## Recorded information
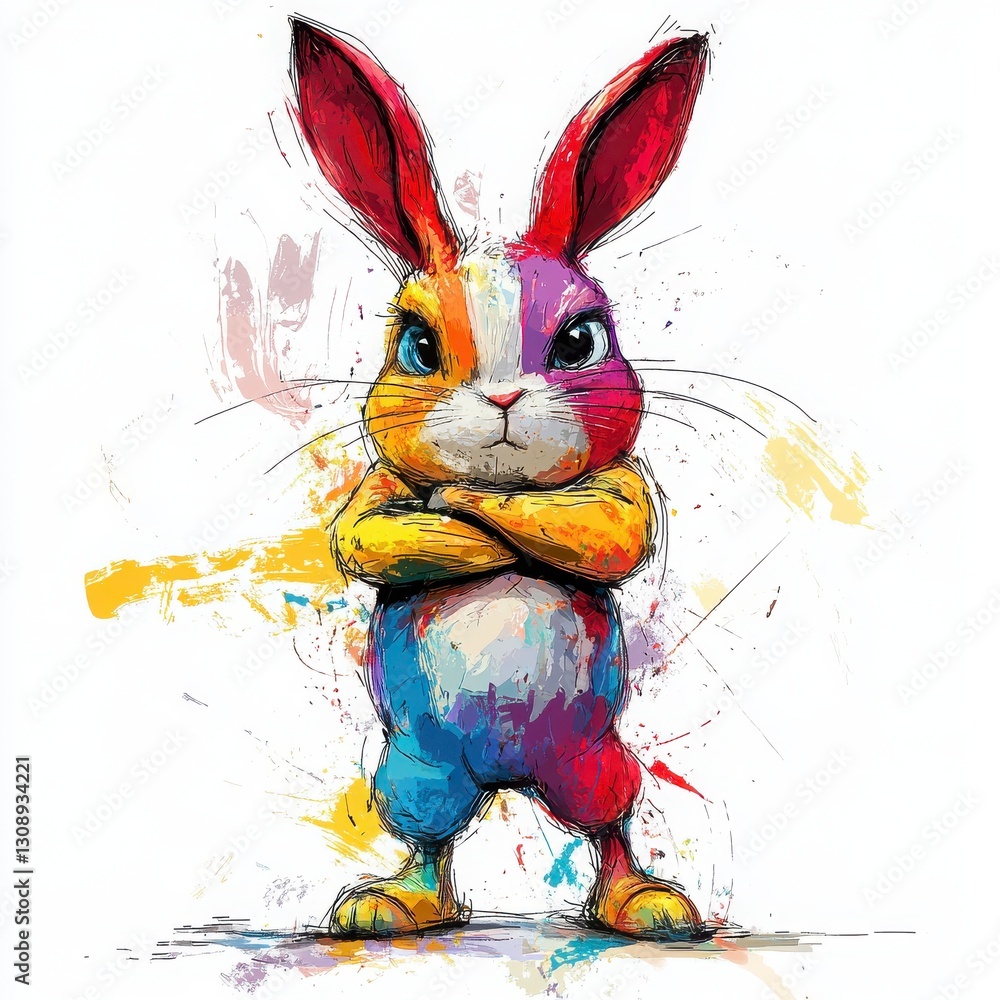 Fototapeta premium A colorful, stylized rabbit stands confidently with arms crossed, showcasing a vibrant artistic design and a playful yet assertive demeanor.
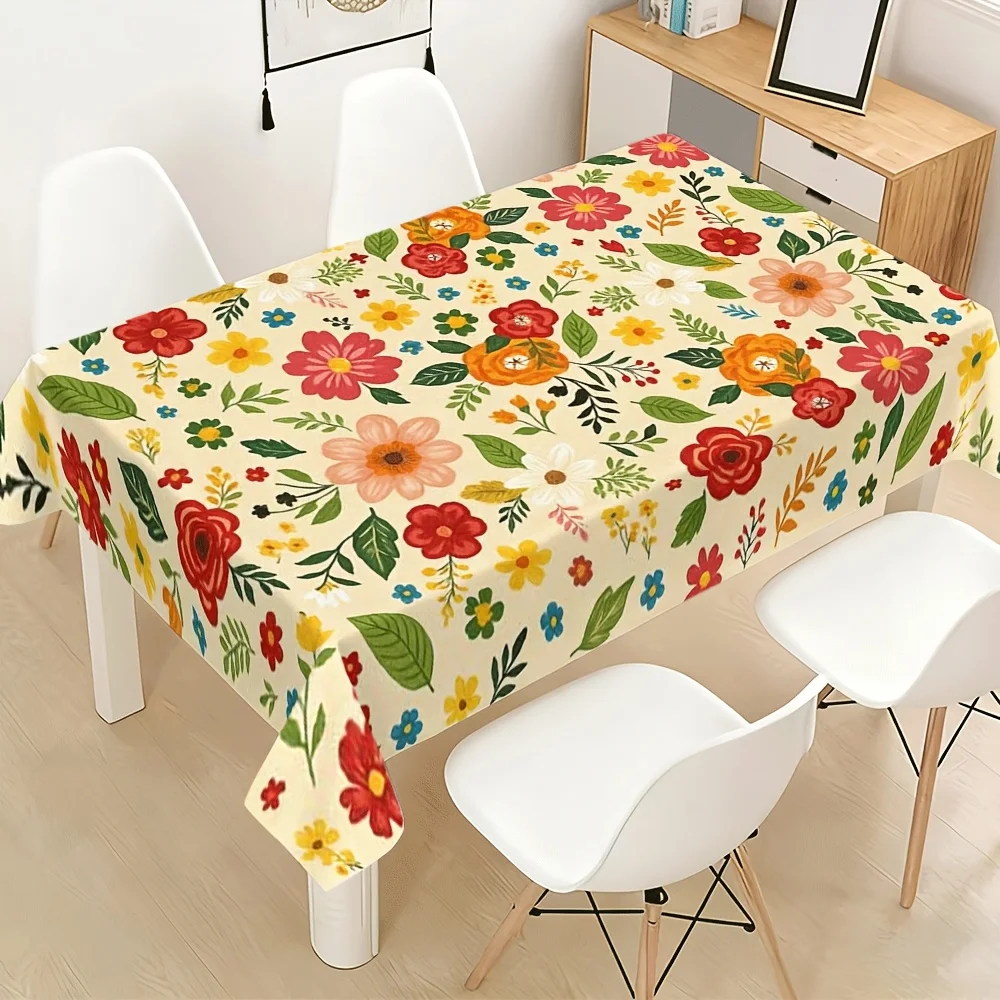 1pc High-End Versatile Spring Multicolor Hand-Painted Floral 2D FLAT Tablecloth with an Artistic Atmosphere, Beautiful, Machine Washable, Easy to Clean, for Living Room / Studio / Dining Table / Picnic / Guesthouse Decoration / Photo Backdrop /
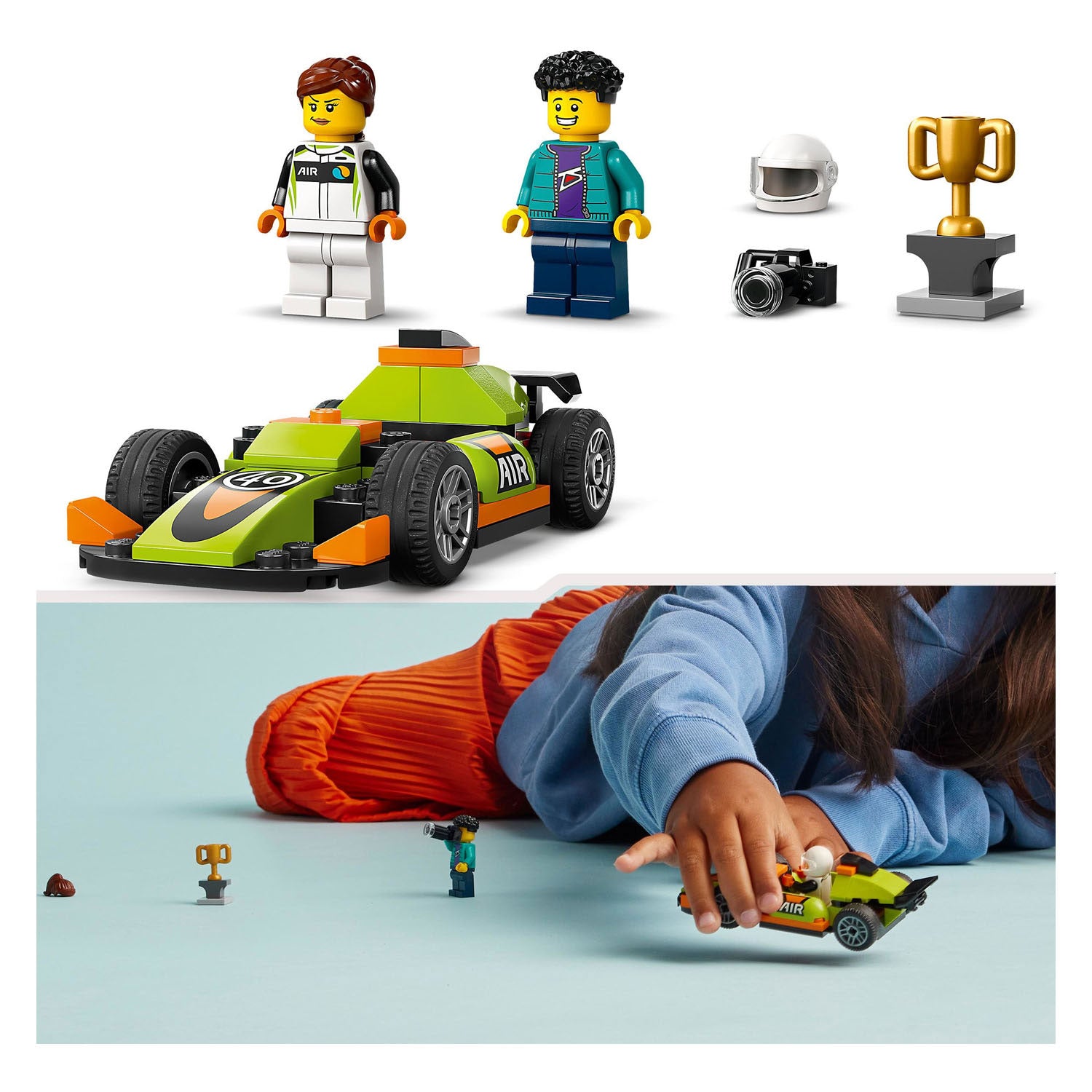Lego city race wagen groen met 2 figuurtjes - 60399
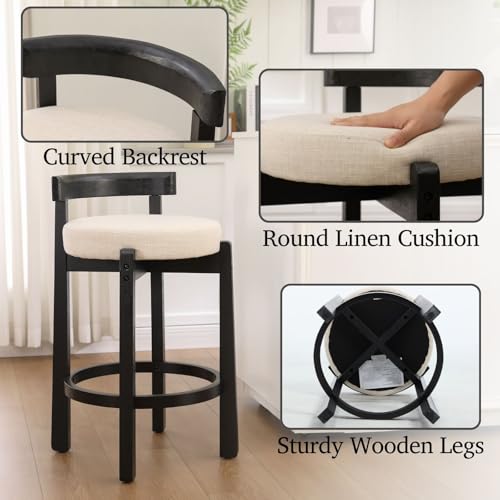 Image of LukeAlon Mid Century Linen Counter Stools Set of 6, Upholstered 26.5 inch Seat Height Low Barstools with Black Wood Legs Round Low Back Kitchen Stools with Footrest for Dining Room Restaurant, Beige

## Exercise directions
Return the listing exactly as it appears, excluding any image.

## Result below
 Fototapeta premium A colorful, stylized rabbit stands confidently with arms crossed, showcasing a vibrant artistic design and a playful yet assertive demeanor.
 1pc High-End Versatile Spring Multicolor Hand-Painted Floral 2D FLAT Tablecloth with an Artistic Atmosphere, Beautiful, Machine Washable, Easy to Clean, for Living Room / Studio / Dining Table / Picnic / Guesthouse Decoration / Photo Backdrop /
Lego city race wagen groen met 2 figuurtjes - 60399
 Image of LukeAlon Mid Century Linen Counter Stools Set of 6, Upholstered 26.5 inch Seat Height Low Barstools with Black Wood Legs Round Low Back Kitchen Stools with Footrest for Dining Room Restaurant, Beige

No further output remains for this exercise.